> **WHAT YOU WILL DO**: Without the pictures, write out every entry that follows exactly.

(Captioned web images)

- - - -

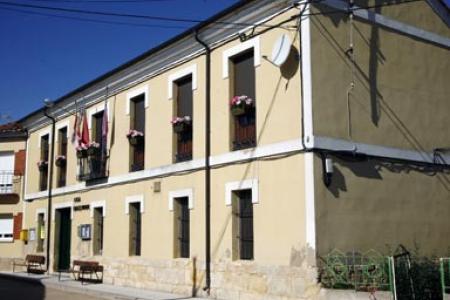 Casa Consistorial de La Vid de Ojeda.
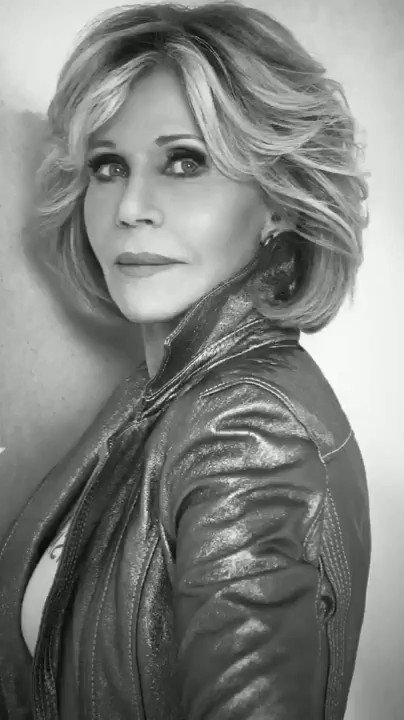   Happy Birthday, Jane Fonda,, actress and activist. 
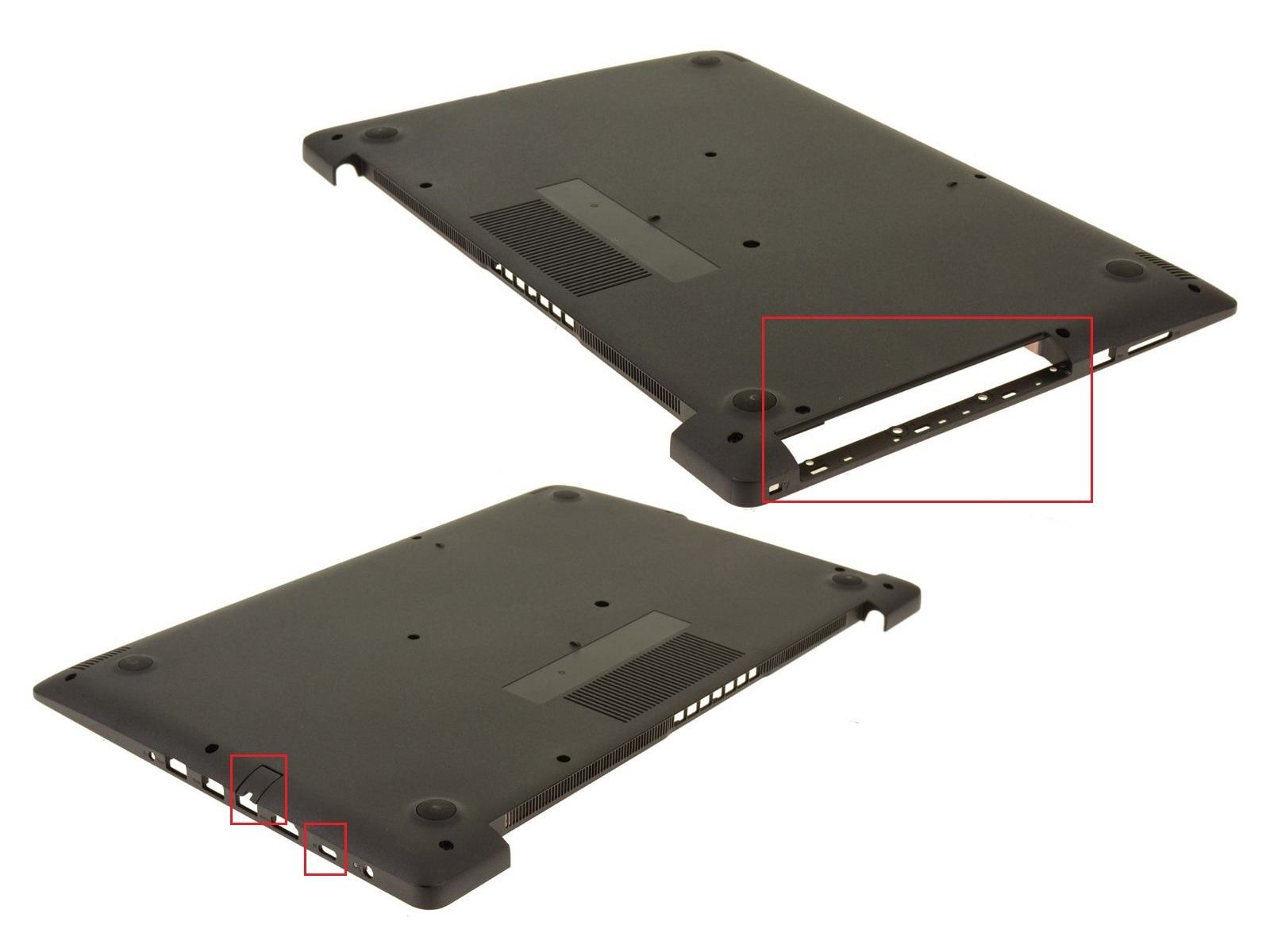 Dell Inspiron 15 3000 (3593) Alt Kasa Siyah V1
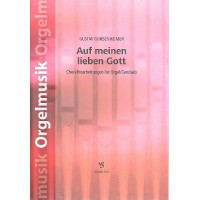 Auf meinen lieben Gott für Orgel (Cembalo)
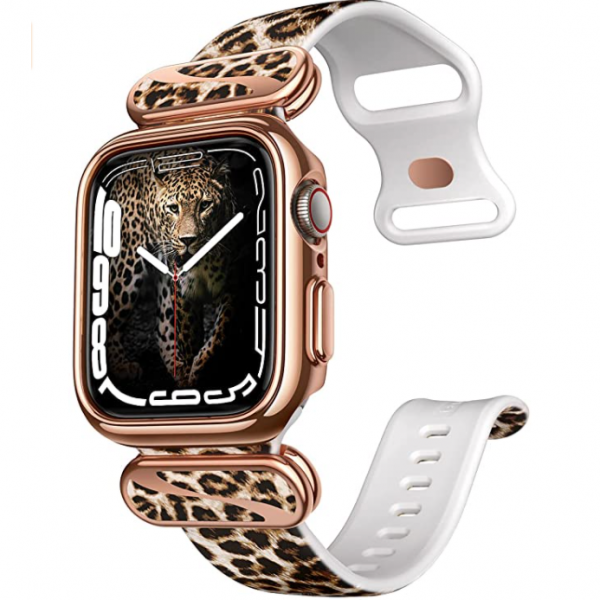 i-Blason Cosmo Luxe Serisi Apple Watch 7 Kayış (45mm)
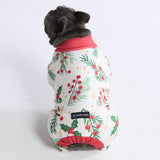 Dog Christmas Pajama - Mistletoe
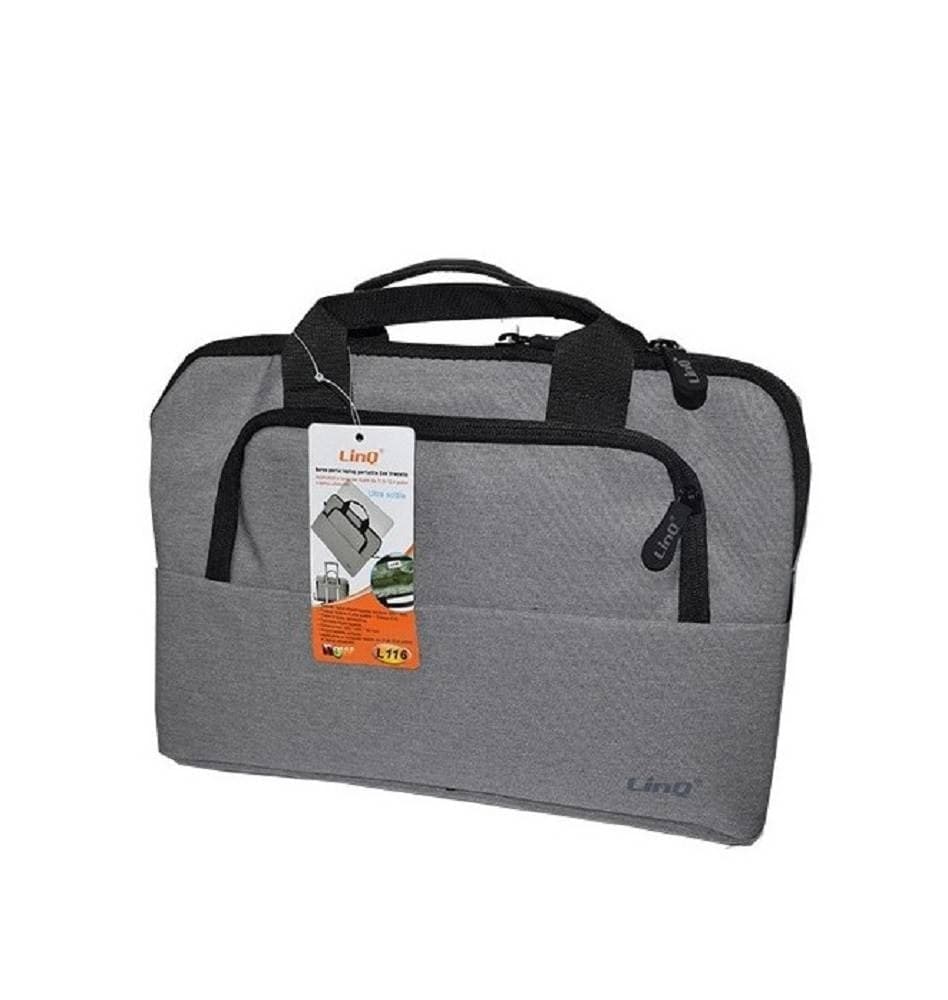 CUSTODIA BORSA PER NOTEBOOK PC PORTATILE LAPTOP FINO A 11,6″ CON TRACOLLA L116 - 3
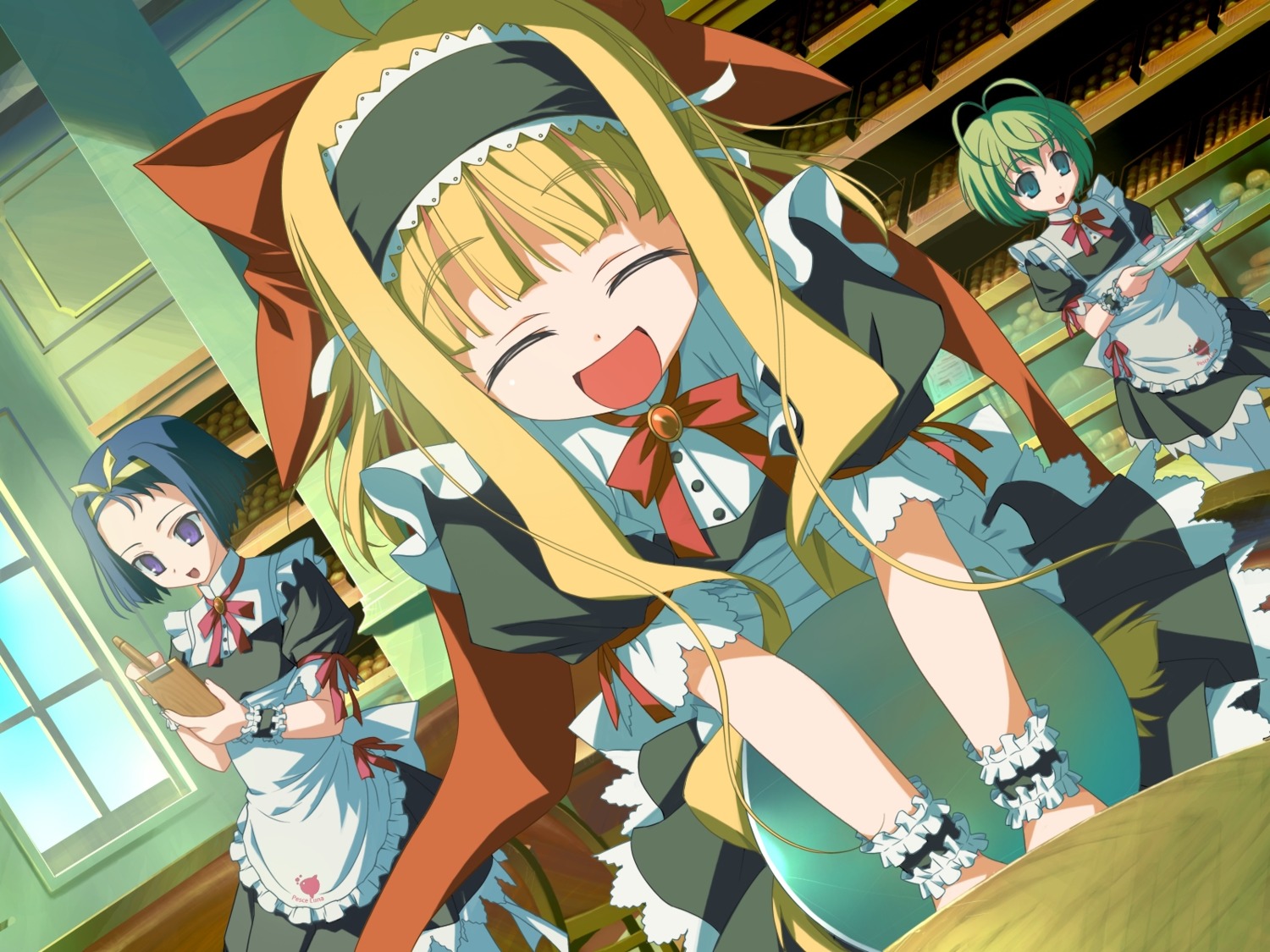 alice_alicetel_fernek, favorite, game_cg, granitiana_cristia, pantyhose, shida_kazuhiro, sofiace_raphonitte, waitress, wiz_anniversary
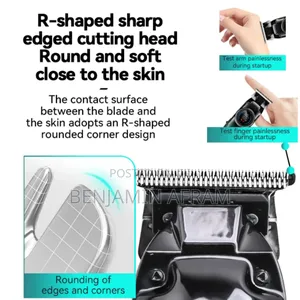 Rechargeable Cordless Hair Trimmer Km- 1740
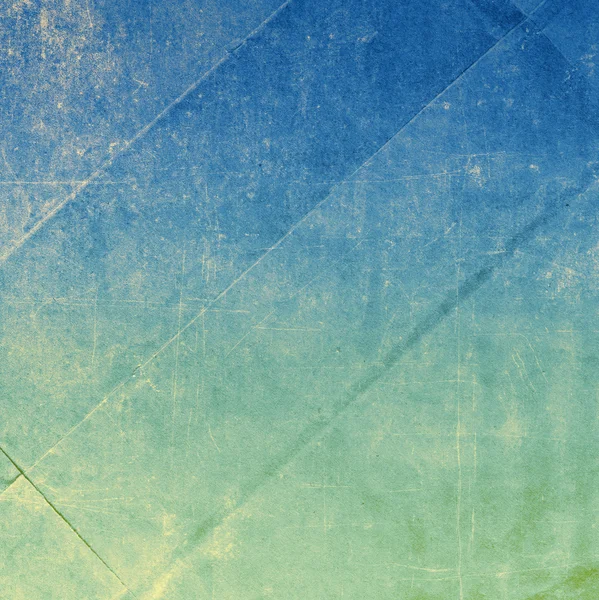 Texture de paroi endommagée Blue Grunge — Photo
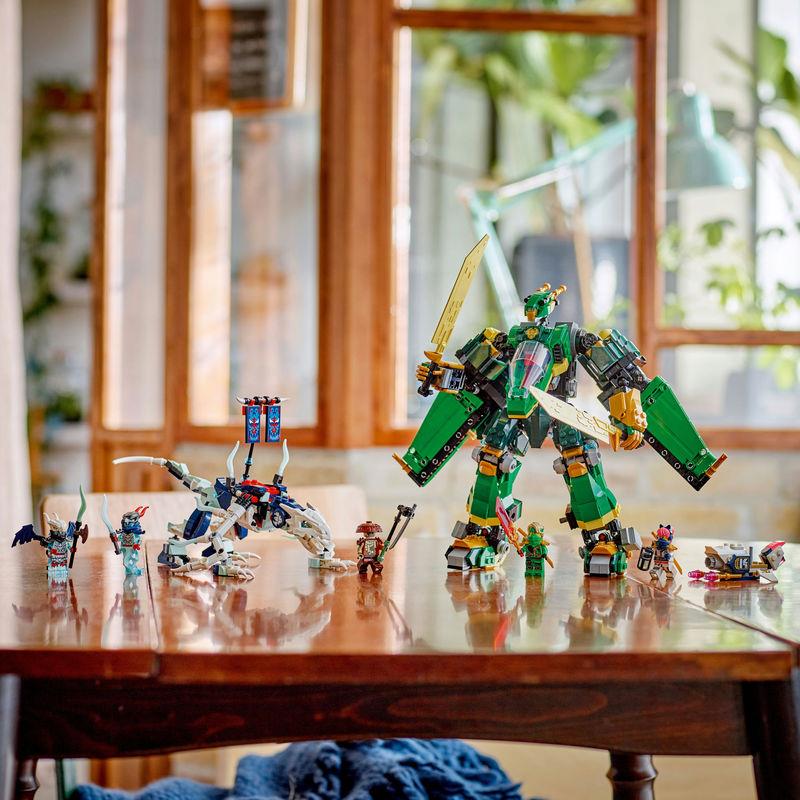 LEGO NINJAGO LLOYDUN JET ROBOTU 71845 Diğer LSL71845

- - - -

> **ANSWER TO THE PROBLEM**:
 Casa Consistorial de La Vid de Ojeda.
   Happy Birthday, Jane Fonda,, actress and activist. 
 Dell Inspiron 15 3000 (3593) Alt Kasa Siyah V1
 Auf meinen lieben Gott für Orgel (Cembalo)
 i-Blason Cosmo Luxe Serisi Apple Watch 7 Kayış (45mm)
 Dog Christmas Pajama - Mistletoe
 CUSTODIA BORSA PER NOTEBOOK PC PORTATILE LAPTOP FINO A 11,6″ CON TRACOLLA L116 - 3
 alice_alicetel_fernek, favorite, game_cg, granitiana_cristia, pantyhose, shida_kazuhiro, sofiace_raphonitte, waitress, wiz_anniversary
 Rechargeable Cordless Hair Trimmer Km- 1740
 Texture de paroi endommagée Blue Grunge — Photo
 LEGO NINJAGO LLOYDUN JET ROBOTU 71845 Diğer LSL71845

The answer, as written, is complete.